Petros Christodoulou, head of the Greek debt management agency, said June 28 that Athens plans to issue between 4 and 4.5 billion euros ($4.9-$5.5 billion) in short-term Treasury bills in July. This confirms speculation in the Greek media from June 23 — speculation Christodoulou initially denied — that Athens is looking to return to commercial funding despite having immediate access to the 20 billion euro tranche from the 110 billion euro bailout package from the European Union and International Monetary Fund (IMF).
News of Athens’ return to financial markets for funding comes as a surprise. The EU/IMF bailout is sufficient to fund Greece for approximately two to three years without tapping the commercial markets. The whole reason Greece needed to be bailed out in the first place was because its forays into the international markets in April were met with investor skepticism, causing the cost of financing to rise to a point that the Greek government could no longer afford.
That said, proving that it can access the international debt markets is an important goal for Athens. Greece has to return to the debt markets at some point, and testing the waters when the bailout funding does not make it a life-or-death situation makes sense. Furthermore, by financing itself commercially in tandem with the bailout package, Greece can prevent the complete atrophy of its relationship with international markets. It can then claim that it is no longer “on life support” and thus instill confidence in its budget deficit program. Finally, being able to tap international markets allows Athens to stretch the 110 billion euro bailout further, making it last more than two to three years.
There is logic behind the move, but there are three criteria that Athens might consider fulfilling before committing to holding an auction.
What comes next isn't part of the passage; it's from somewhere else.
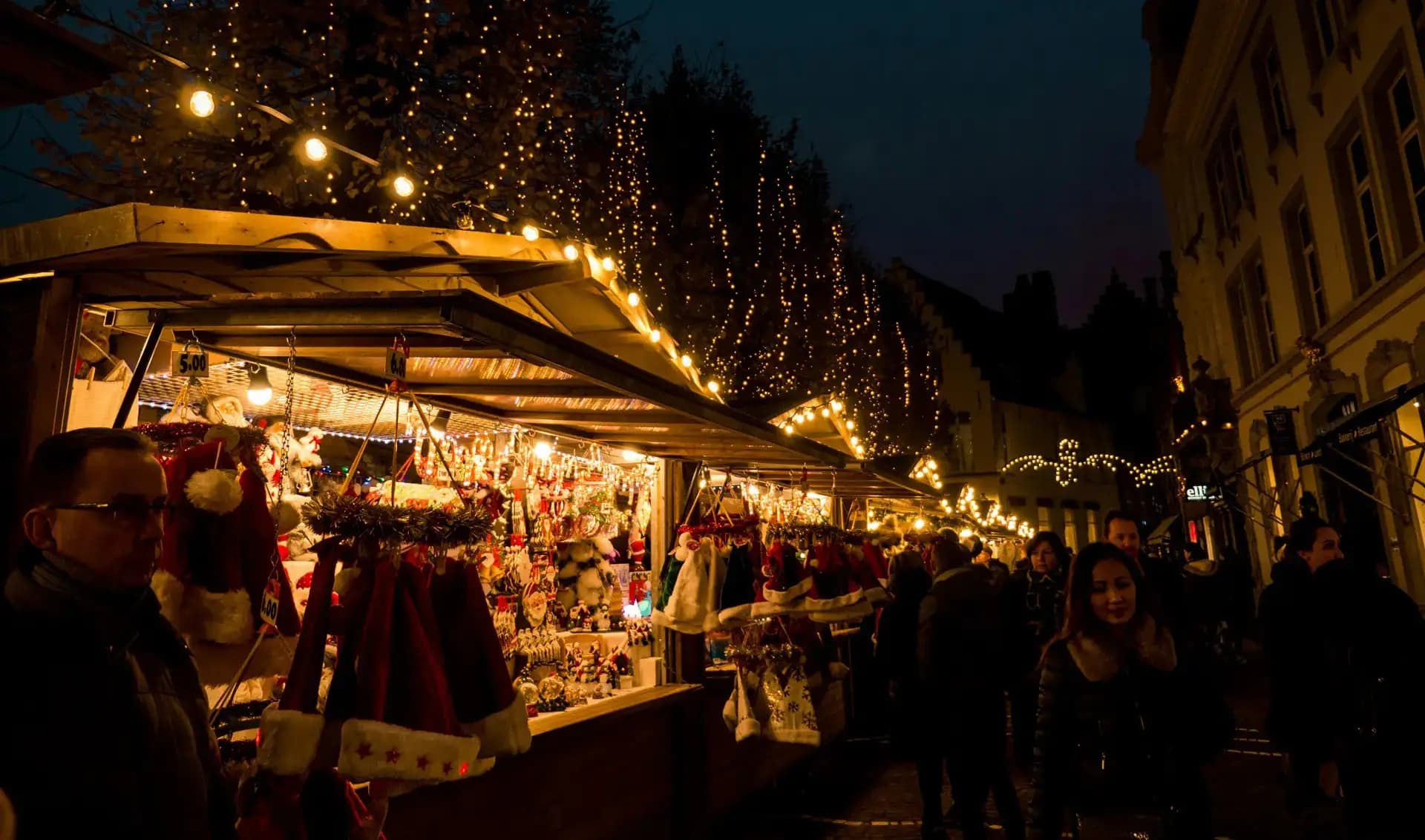 Where to Experience the Magic of Christmas During a Countryside Stay Near Pierres d’Histoire Houses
First, it might want to have something positive to offer investors. Greece is hoping that it has two things to offer. The EU/IMF four-day evaluation mission confirmed that Greek austerity measures were on track June 17. Athens also hopes that its pension reform — which its parliament is to vote on the first week of July — will further reassure investors that it is on the right path. While neither of these factors offers actual hard data that Greece is convalescing, they are as much reassurance as the Greek government can offer.
Second, Athens might consider issuing short maturities that fall well within the time period of the 110 billion euro bailout — two to three years — and therefore greatly reduce the chance that it would default on the loans. That way, investors would feel far less uncertain about lending Greece money. According to the government statement, Athens’ plan is to sell three-, six- and 12-month T-bills worth approximately 4-4.5 billion euros on July 13 and July 20. Investors will feel far less uncomfortable about giving Greece a three- or six-month loan knowing that it has access to the 110 billion euro bailout for three years.
Third, Greece might consider starting with an amount small enough that it would not precipitate a crisis if the auction fails. This is where Greece definitely decided not to be timid. The plan to auction off 4.5 billion euros — considering that Athens was near a default in April — shows that Greece is either taking a gamble or is privy to information STRATFOR is not.
There is not a great risk in the auction for Greece. A failure — even a disastrous one — in commercial funding will not limit Greece’s access to its 110 billion euro bailout. The risk is far greater for the eurozone. With investor focus and pressure squarely on Spain, the last thing the eurozone needs is a failed Greek bond auction reminding everyone that Greece is still a problem, despite the bailout that should have quieted concerns about Greece. Therefore, it is highly unlikely that the EU and IMF — already speaking to the Greeks on a daily basis as part of the conditions of the bailout — would allow Greece to hold a bond auction that could fail and thus launch a new round of investor panic in the eurozone.
This seems to indicate that there is far more coordination between the EU, the IMF and Greece than Athens has disclosed. A successful Greek auction — one for 4.5 billion euros, for example — would go a long way to reassuring investors psychologically about the situation in the rest of the eurozone — particularly Spain, whose problems are actually nowhere near as severe as Greece’s. In other words, it would generate positive press for the eurozone’s efforts to resolve the crisis. However, there is also danger in this strategy; if it turns out that there was a high level of coordination between the EU, IMF and Greece, or that the auction essentially was staged, it could be more damaging to investor confidence in the eurozone than a failed bond auction.